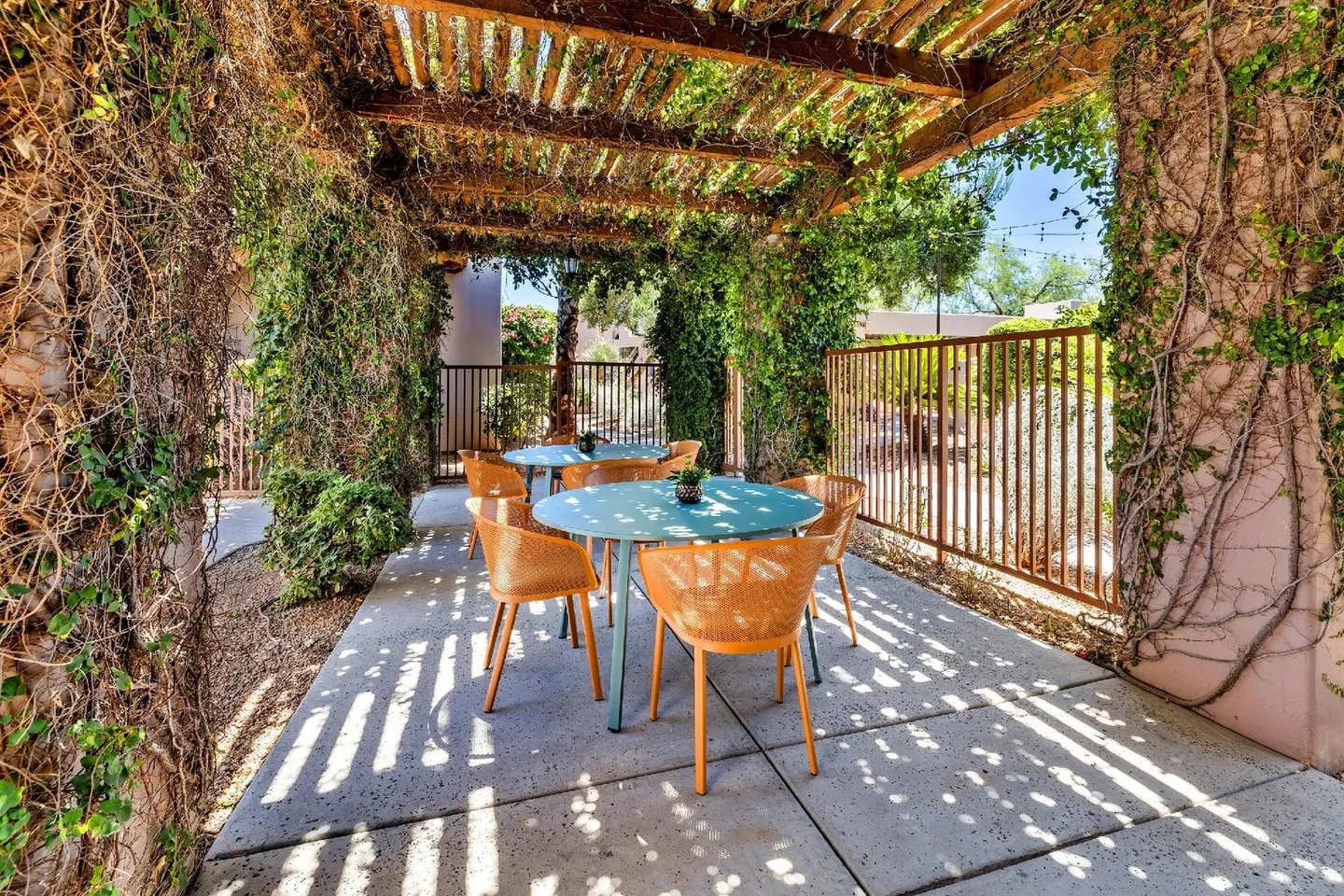 Lodge on the Desert Terrasse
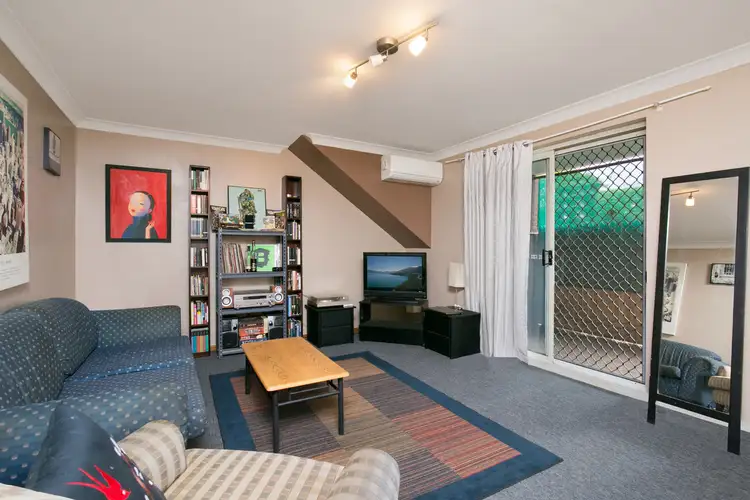 Main view of Homely unit listing, 1/1 Jubilee Street, Greenslopes QLD 4120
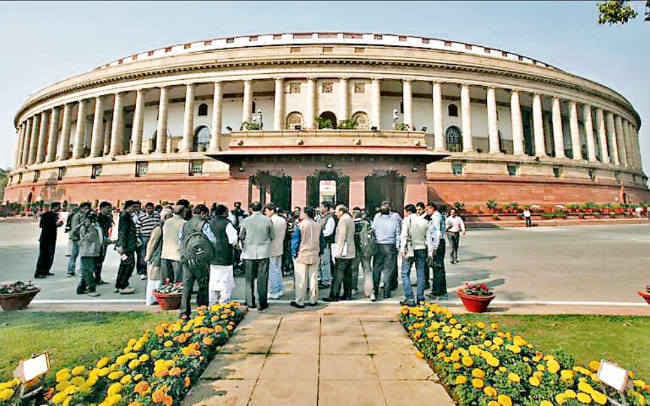 संसदीय कर्म से बेरुखी क्यों?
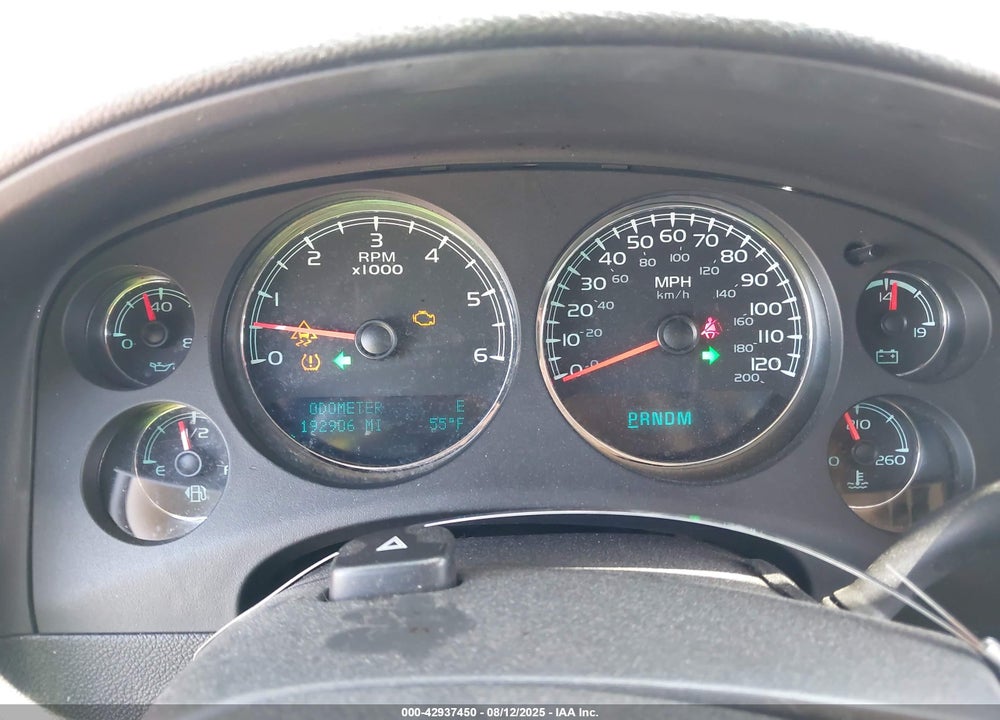2011 CHEVROLET SUBURBAN 1500 VIN: 1GNSCKE0XBR262005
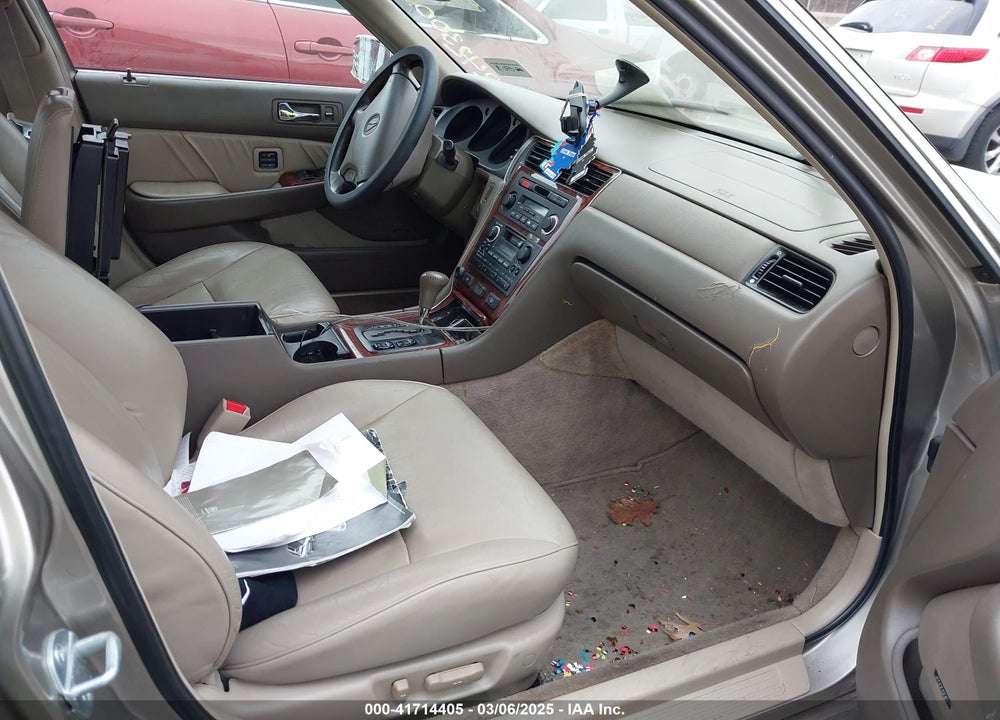 2002 ACURA RL VIN: JH4KA965X2C001377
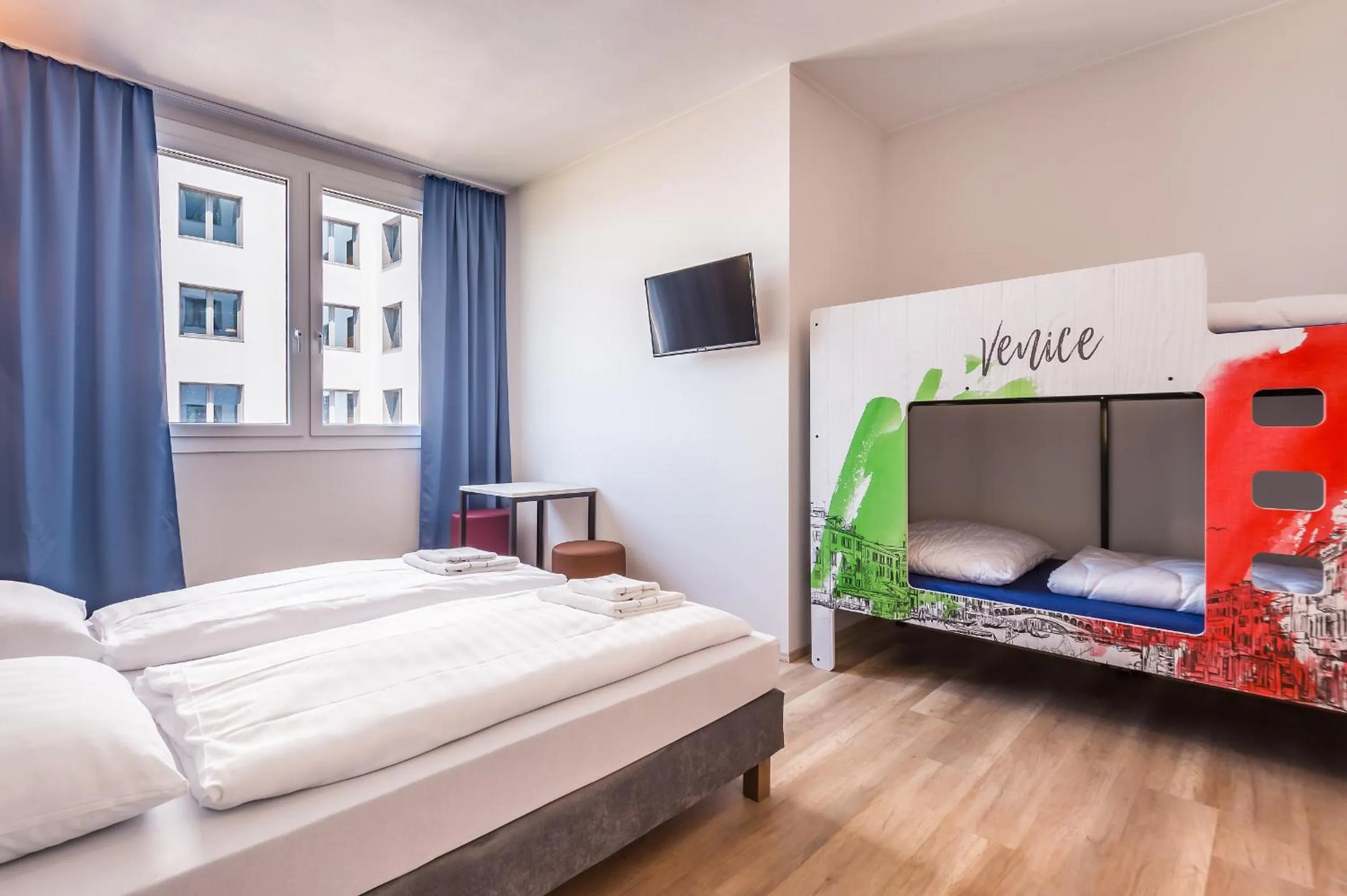 TV and multimedia, Bed in a&o Hostel Venezia Mestre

****

■ **Your assignment**
Would you return all of the data above word for word, omitting every picture?

■ **Solution below**
 Lodge on the Desert Terrasse
 Main view of Homely unit listing, 1/1 Jubilee Street, Greenslopes QLD 4120
 संसदीय कर्म से बेरुखी क्यों?
2011 CHEVROLET SUBURBAN 1500 VIN: 1GNSCKE0XBR262005
 2002 ACURA RL VIN: JH4KA965X2C001377
 TV and multimedia, Bed in a&o Hostel Venezia Mestre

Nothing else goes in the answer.